START Data block
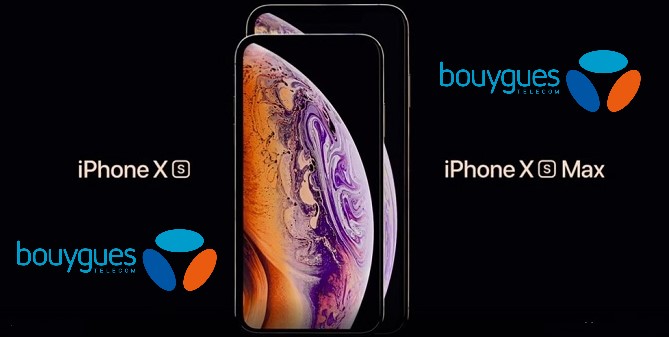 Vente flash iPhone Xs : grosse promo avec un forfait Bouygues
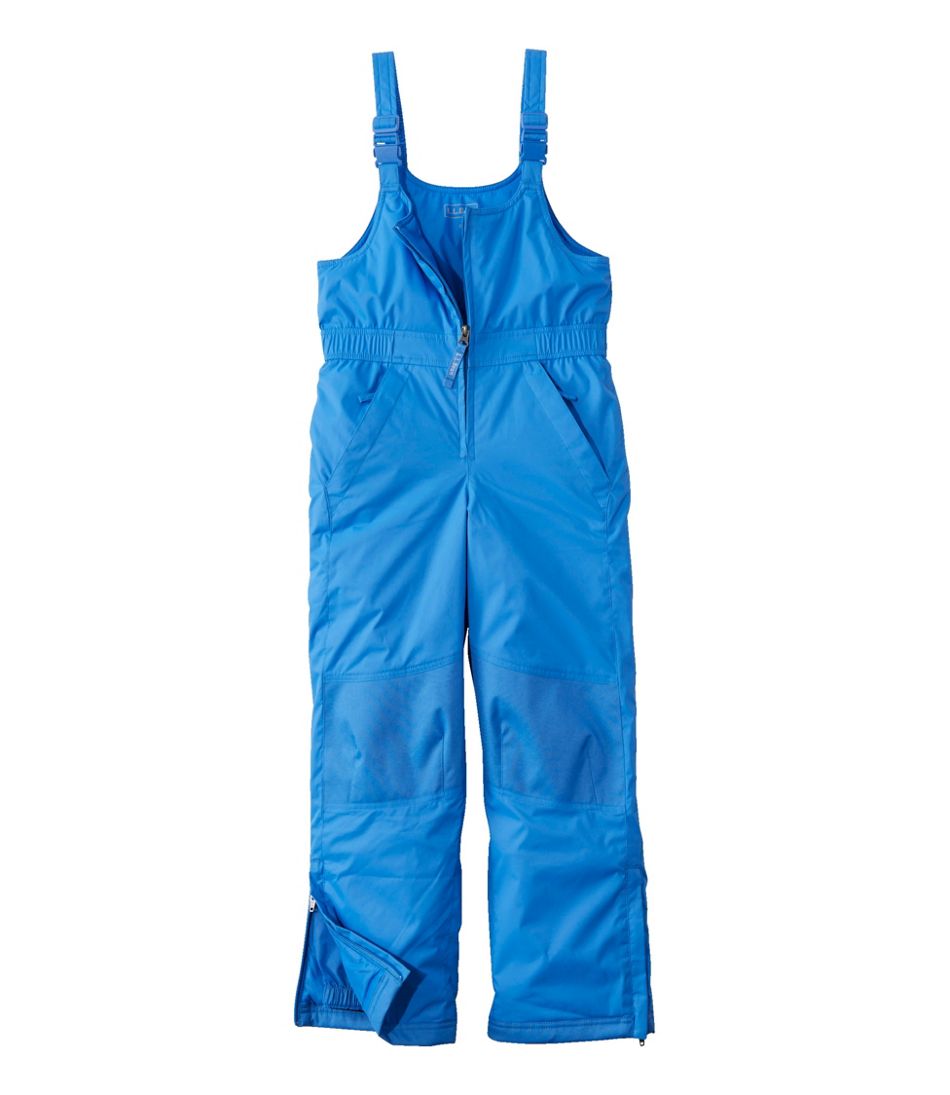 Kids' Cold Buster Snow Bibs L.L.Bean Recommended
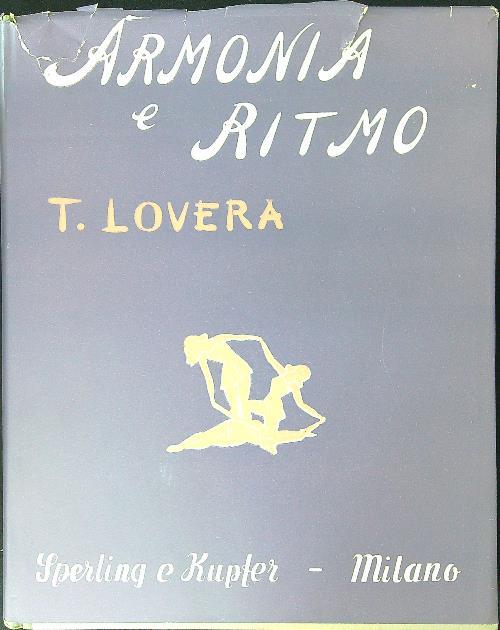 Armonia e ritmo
END Data block
In the answer, the data should reappear exactly, with no pictures.

 Vente flash iPhone Xs : grosse promo avec un forfait Bouygues
 Kids' Cold Buster Snow Bibs L.L.Bean Recommended
 Armonia e ritmo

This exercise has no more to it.